Software is used throughout the world of business and it powers just about every action which is involved in the day to day running of so many companies. As a result of this there is a lot of competition when it comes to which software provider to use, and this is why it is so critical to get pricing right. Here is how Josh breaks down the common errors which are being made.

All Inclusive Pricing

We often see all inclusive pricing used by startups who are desperate to get their product out there and start seeing some reviews. This may be a smart idea for the long term, with regards to generating interest in the product, but the reality is that it is not a good idea for making money. When you sell a product at an all inclusive price, you are losing the ability to upsell in the future and you are also losing any future revenue which you may be able to make from that client.

One Dimension Structure

Almost all that offer SaaS have a pricing structure, usually featuring three levels of price.
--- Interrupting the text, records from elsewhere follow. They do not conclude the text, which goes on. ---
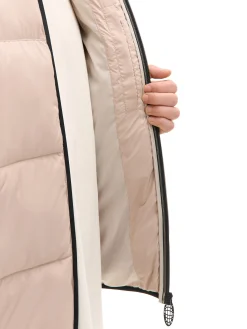 Beżowa pikowana kurtka puffer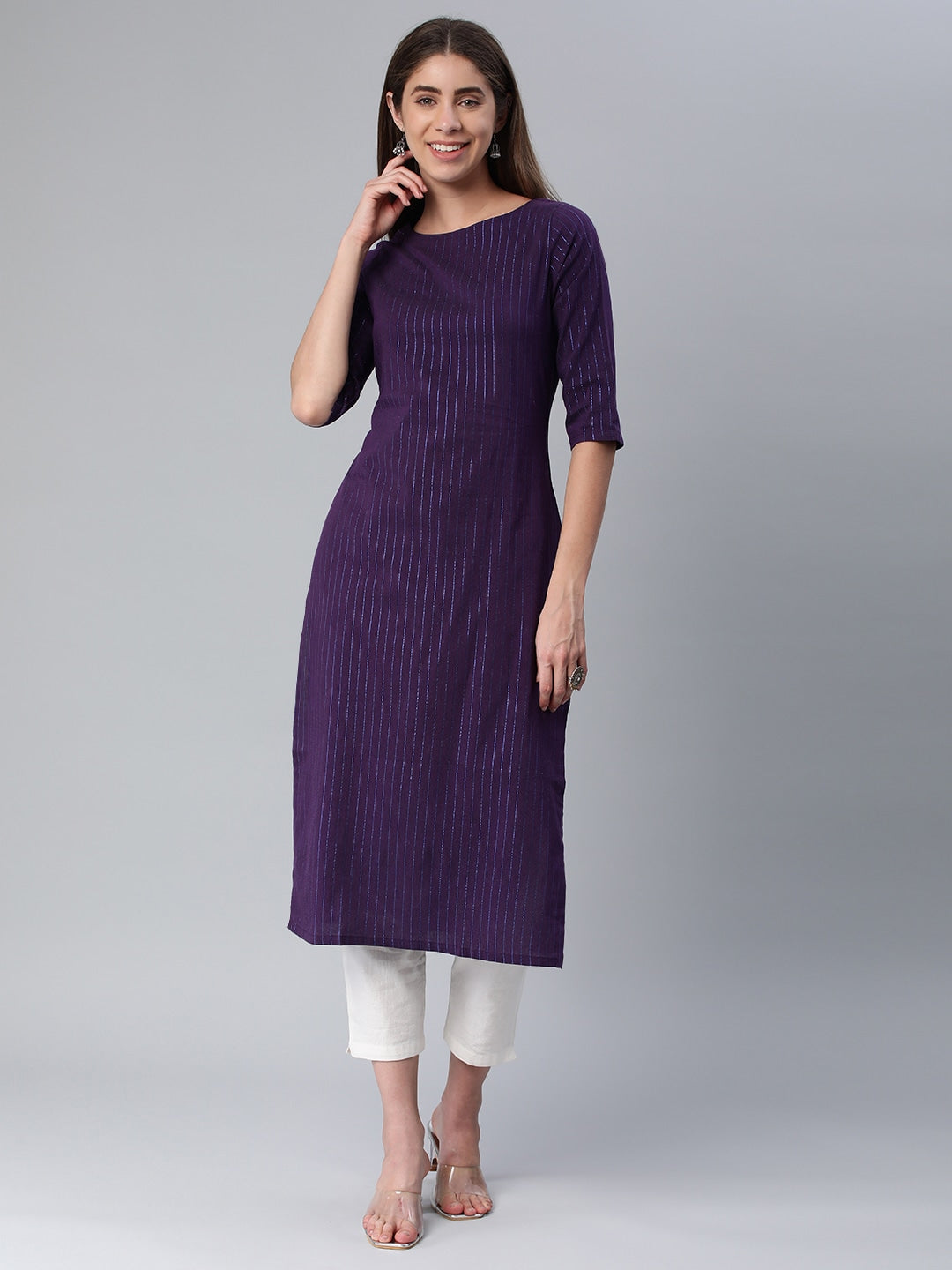 Kalini Women Striped Boat Neck Straight Kurta - Swadesiicart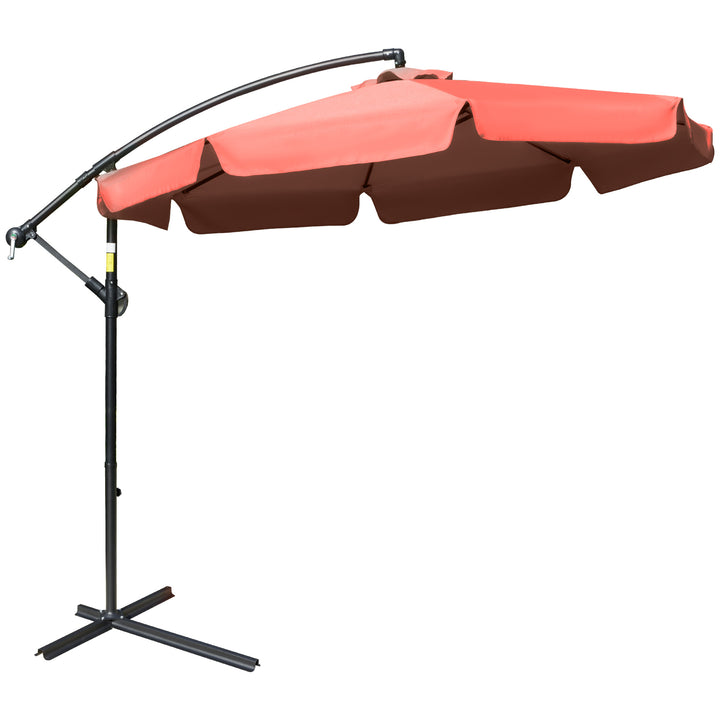 MCL 2.7m Garden Banana Parasol Cantilever Umbrella with Crank Handle and Cross Base for Outdoor, Hanging Sun Shade, Wine Red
The differential between these levels however is too often down to one feature. Josh says that the one dimension approach, which is usually based on number of users, causes a big issue regarding the amount of money which the company can bring in.

Two Dimension Structure

Some companies will also use a second dimension to split up these levels, which is focused on usage as well as users. This of course makes a lot more sense and allows for higher prices to be charged in order to cover costs. As Josh rightly points out however, there are still longer term problems which this in particular fails to address.

Failure to Include Time

The third dimension which Josh mentions, that all businesses should factor into their pricing structures, is time. Making these packages limited for a set number of months gives the company the chance to hike up those prices at the end of the plan. Better still, providers will be able o be fully transparent from the outset with their planned increase, and that ensures that customers know exactly what to expect once that plan is over. This is the ultimate way to make enough revenue to cover ever-rising costs for the software provider and it is also the way to do so and keep the customers happy at the same time.

If you provide software then always ensure that you are paying attention to the way that your pricing structure works, and that it supports potential rises in the future.